DATASET RECORDS »
● ● ● ● ●
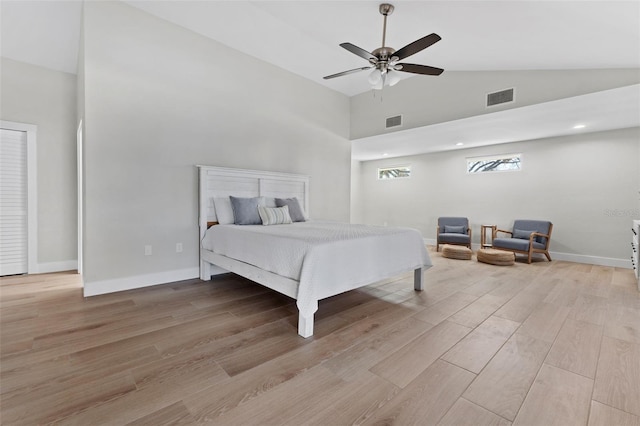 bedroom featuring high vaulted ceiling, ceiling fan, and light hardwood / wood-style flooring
● ● ● ● ●
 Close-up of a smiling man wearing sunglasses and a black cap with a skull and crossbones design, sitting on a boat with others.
● ● ● ● ●
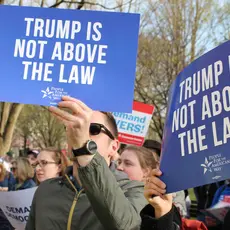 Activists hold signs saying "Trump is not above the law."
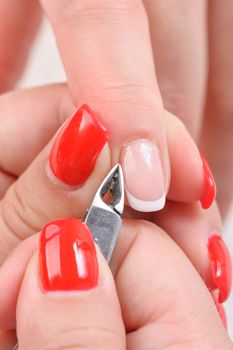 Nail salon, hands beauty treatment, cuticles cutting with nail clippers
● ● ● ● ●
ABOUT THIS TASK » What's needed is an exact copy of the lines above from the one with "Activists hold signs" through the one with "Nail salon, hands", both included; the pictures stay out.

OUTPUT FOR THIS EXERCISE »
 Activists hold signs saying "Trump is not above the law."
 Nail salon, hands beauty treatment, cuticles cutting with nail clippers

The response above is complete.